Antalya’nın Konyaaltı ilçesinde bulunan Doyran Mahallesi’ndeki özel mülkiyet üzerinde yer alan ve ‘korunması gerekli taşınmaz kültür varlığı’ olarak tescilli tarihi Sinan Değirmeni, belirlenemeyen kişiler tarafından yakılarak tamamen yok edilmiştir. 1800’lü yıllarda inşa edilen ve Osmanlı döneminden izler taşıyan bu tarihi değirmen ve tahıl ambarlarıyla birlikte yapılan ayrıntılı inceleme, Antalya Kültür Varlıklarını Koruma Bölge Kurulu tarafından başlatılmıştır. Kurul, olayı Antalya Cumhuriyet Başsavcılığı’na suç duyurusunda bulunmuştur.
Uzmanlar, sedir ağacından yapılan ana yapılarındaki çivi kullanımının olmadığı ve kültürel açıdan önemli olan değirmen ve ambarların büyük bir kısmının yangın sonucunda tamamen yok olduğunu, ancak bazı bölümlerin esaslı onarım ile restore edilebileceğini raporlamıştır. Rapor, korumalı varlığın ve bağlı olduğu ambarların etrafında yeni bir yangın riskine karşı önlemler alınması gerektiğini vurgulamıştır. Antalya Büyükşehir Belediyesi İtfaiye Dairesi’nin raporunda ise yangının çıkış nedeninin ‘şüpheli’ olarak kaydedildiği belirtilmiştir.
Antalya Valiliği Kültür Varlıkları Birim Müdürü Cemil Karabayram, Hürriyet’e yaptığı açıklamada, tarihi değirmenin yok edilmesiyle ilgili sürece değinerek, “Bu yapı, Osmanlı döneminden günümüze ulaşan önemli bir yapıdır. Yapı, özel mülkiyet üzerinde bulunmaktadır. Biz bu yapının korunması ve gelecek nesillere aktarılması için özel bir proje başlatmıştık. Proje tamamlandıktan hemen sonra burada bir yangın çıktı. Resmi raporlarda da kasıt olduğu ifade edilmektedir.” şeklinde konuşmuştur.

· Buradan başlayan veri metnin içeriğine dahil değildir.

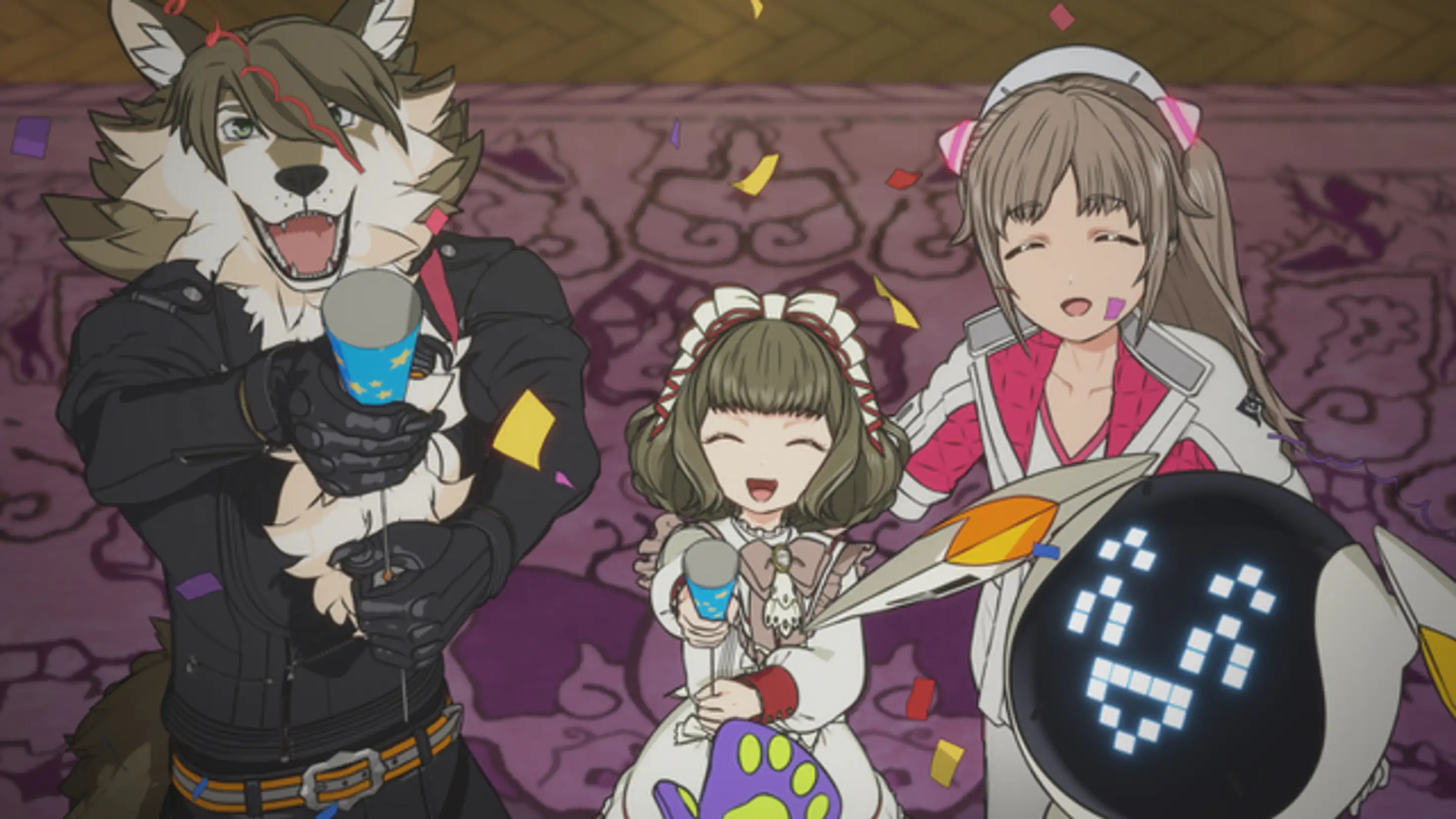 運命から逃げられない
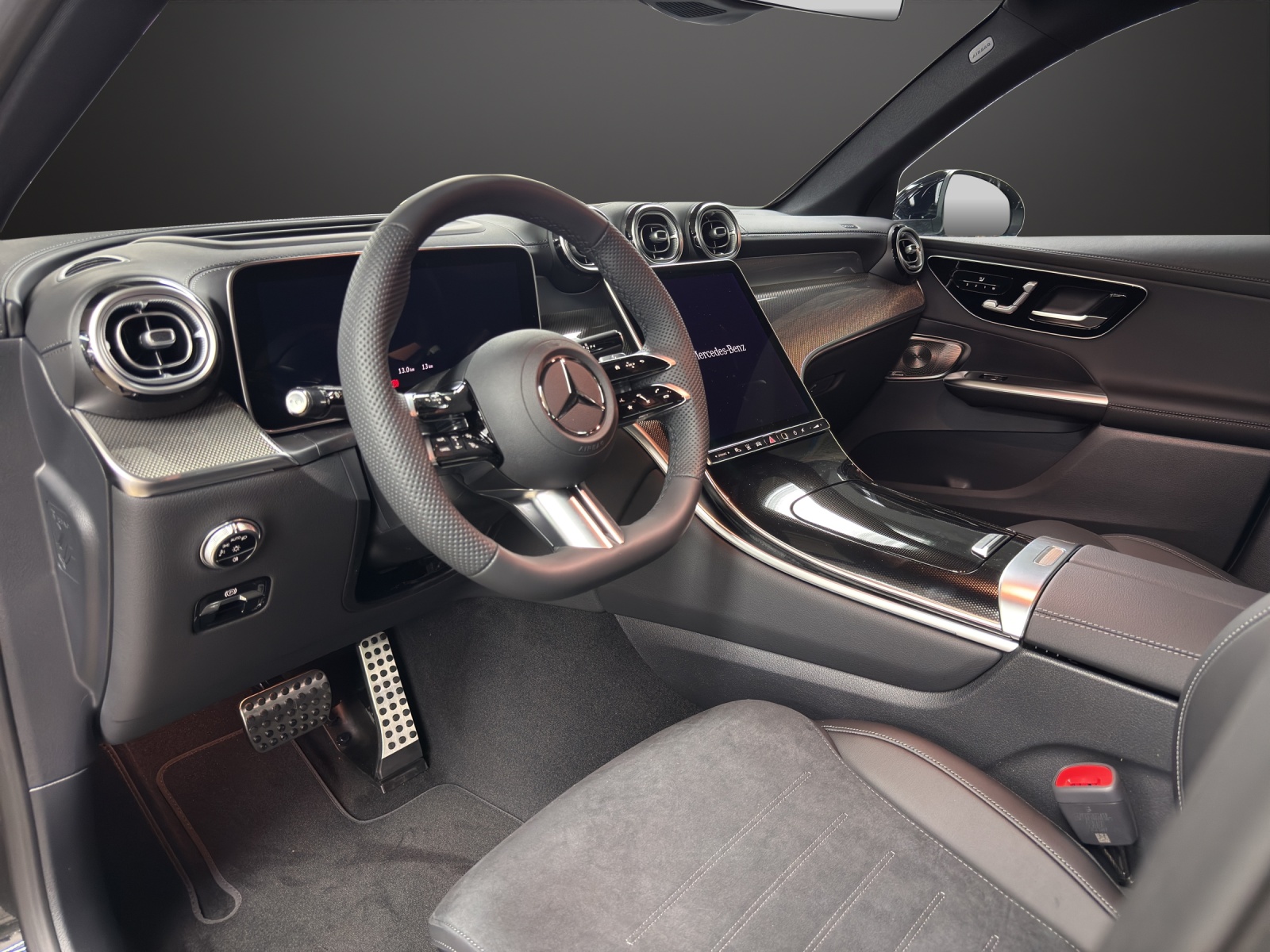 MERCEDES-BENZ GLC 220 d 4Matic 9G-Tronic-image-9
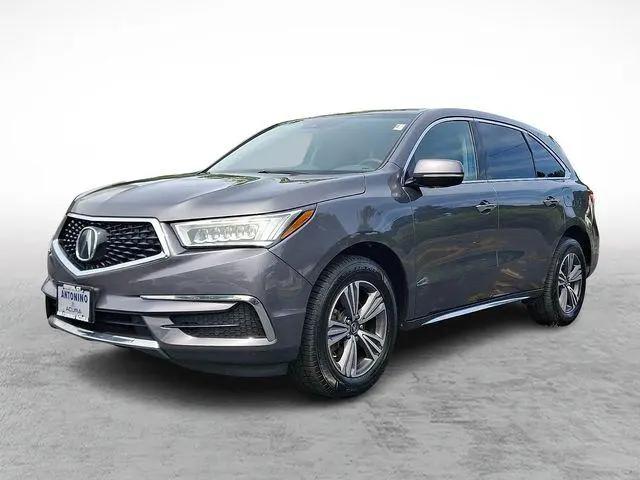 2017 Acura MDX 3.5L for sale in Groton, CT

Karabayram, yapı üzerinde bulunan toprağın da korumalı olduğunu hatırlatarak, “Maalesef bazı kişilerin tescili kaldırmak amacıyla bu tür eylemlere başvurduğunu biliyoruz. Ancak unutulmamalıdır ki, yapı yakılsa bile tescil kalkmaz. Çünkü biz yapının bulunduğu toprağı da tescil etmekteyiz. Ahşap camilerimizin UNESCO Dünya Kültür Mirası listesine girdiği bir dönemde, benzersiz taşı ve ahşabı ile bir yapının yakılması gerçekten çok üzücü bir durumdur. Bugün o yapıda kullanılan yaşta sedir ağacı bulmak bile neredeyse imkansızdır.” şeklinde ifade etmiştir.